Zwischen Entspannung und Fremdscham: Ein Saunabesuch mit unerwarteter Wendung. Bild: Maria Levina mit ChatGPT 5
Ein Saunabesuch entwickelt sich zu einer ebenso komischen wie nachdenklichen Begegnung, die den Kontrast zwischen dem Wunsch nach Entspannung und den tatsächlichen Ereignissen in ihren Fokus rückt.
Von Maria Levina
Alles ist warm und riecht nach Kräutern. Die aufgeheizte Luft strömt durch meine Nasenlöcher und ich strecke meine Arme über dem Kopf aus, dehne mich ganz langsam. Erst die eine Seite, dann die andere.
Der Wind war heute so stark, dass ich zwei Kapuzen anziehen und den Schal um mein Gesicht wickeln musste. Am Ende waren nur noch Nase und Sonnenbrille zu sehen. Mein Hund, ein kleiner blonder Mischling, ist dabei einige Male fast weggeweht worden und ich musste ihn immer wieder heranziehen. Wie hätte es denn ausgesehen, wenn er wie ein Luftballon hinter mir hergeflogen wäre? Nun, es war vermutlich nicht der entspannteste Spaziergang für ihn. Aber gut, jetzt ist es warm und wohlig, später kuschele ich mich in meine Decke und schaue irgendeinen Film, trinke Wein…
Die Tür öffnet sich und ich mache meine Augen schnell zu. Gar nicht erst wahrnehmen.
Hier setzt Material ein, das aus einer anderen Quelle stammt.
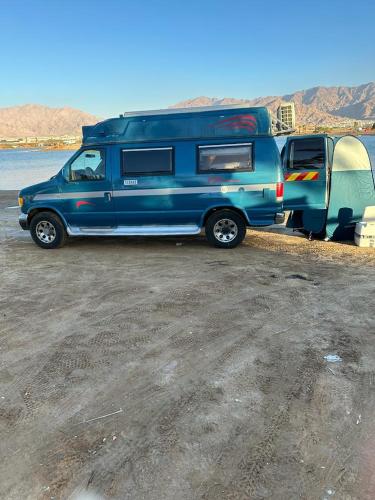 un camion bleu avec campeur et tente dans l'établissement הקראוון של תומר, à Eilat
„Hallo.”, sagt eine männliche Stimme.
„Hallo.“, antworte ich und versuche meine Augen nur einen Schlitzbreit zu öffnen. Vielleicht war er auch beim Frühstück? Eher nicht. Aber völlig sicher bin ich mir nicht. Zu lange kann man natürlich nicht hinschauen.
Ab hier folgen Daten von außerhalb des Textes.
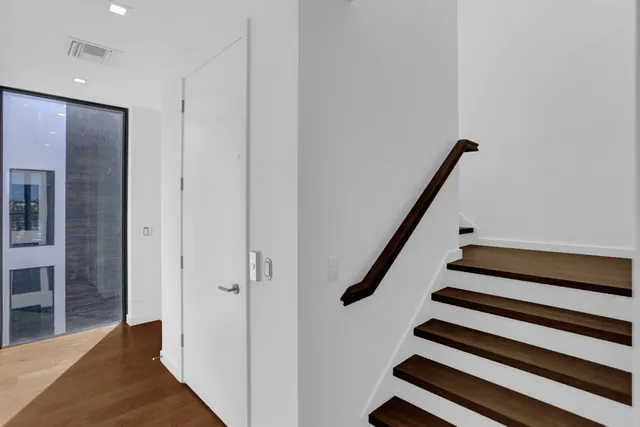a view of hallway with wooden floor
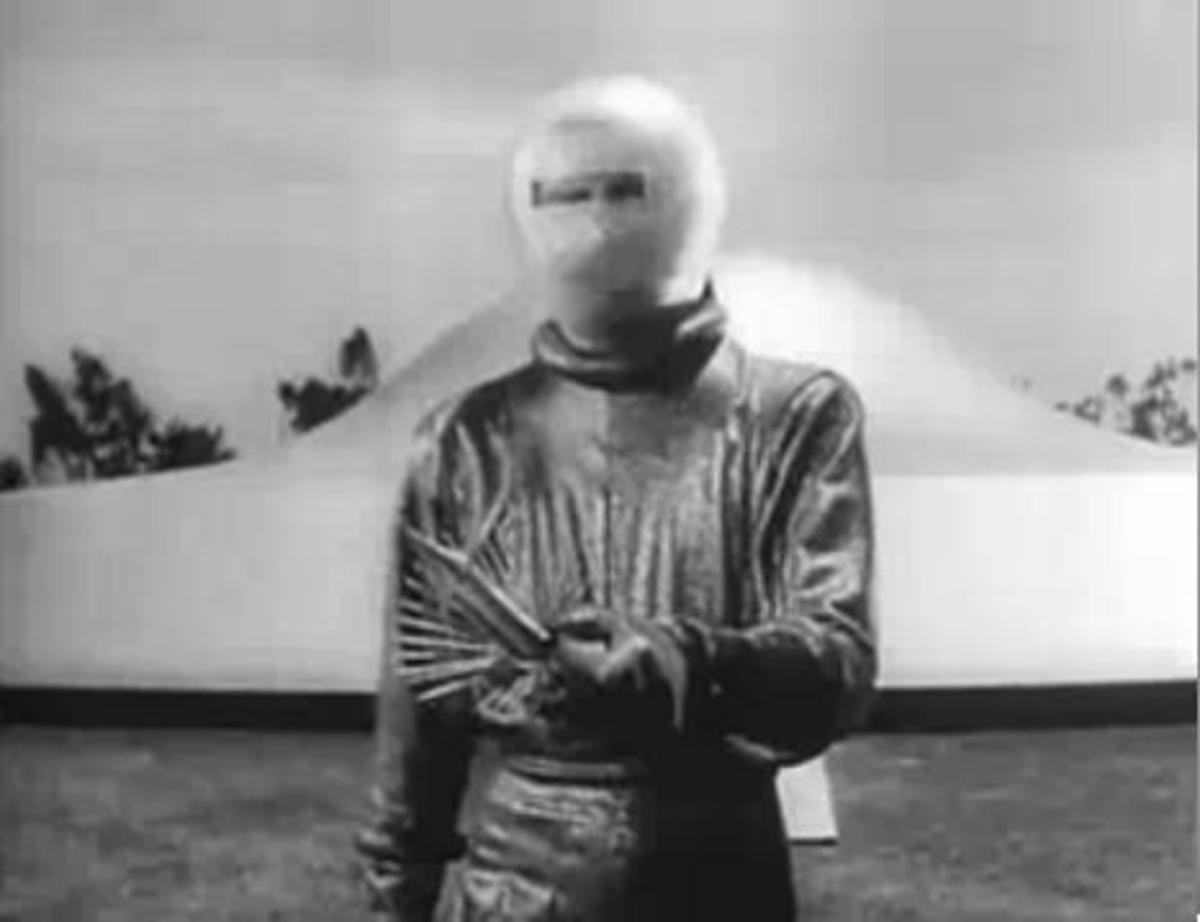A helmet wearing Klaatu holding what could be mistaken for a weapon.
Die Situation kann also wie folgt beschrieben werden: Ich liege da, er sitzt, es ist heiß, riecht nach Eukalyptus und Pfefferminz, meine Augen sind immer wieder einen Millimeter geöffnet. Saunen sind schon ein eigenartiges Konzept: kleiner Raum, super heiß und viele fremde Menschen, die sich nackt gegenüber sitzen und versuchen, nicht allzu auffällig zu starren.
Insgeheim frage ich mich, ob er sich wohl über den Anblick meines Körpers freut?
Langsam gleite ich wieder in meine Welt zurück und fange an zu Tagträumen. Die Wärme umschließt mich, entspannt meine Muskeln, alles ist wieder wohlig.
Und dann: ein Gähnen. Aber kein normales Gähnen. Er wählt eine Variante, bei der noch ein geräuschvolles AHHHH mit einhergeht. So laut, dass vermutlich selbst die Leute in den anderen Saunen es hören. Das wiederholt er dann alle 30 Sekunden.
Ich presse meine Lippen fest aufeinander und atme schnell aus, um nicht laut loszulachen. Wie genial, dass er denkt, mich würde das nicht stören!
AHHHHHHHHHHHHHHHHHHH. Er bleibt dabei. AHHHHHHHHHHHHHH. Ein- bis zehnmal noch, dann sind die 15 Minuten empfohlene Saunazeit rum, und ich setze mich auf.
Sein Blick streift mich kurz, bleibt hängen und geht schließlich in ein Starren über, dem ich mit aller Mühe versuche zu entkommen. Ein paar Sekunden lang treffen sich unsere Augen und er verweilt weiterhin in derselben Position. Nicht einmal ein Zucken seinerseits.
Das vermittelt mir natürlich keineswegs ein unangenehmes Gefühl. Sehr gerne werde ich in diesem Moment genauestens analysiert. Das beantwortet allerdings meine Frage von vorhin.
Schnell wickele ich das Handtuch eng um mich und stehe auf. Wir verabschieden uns ganz höflich.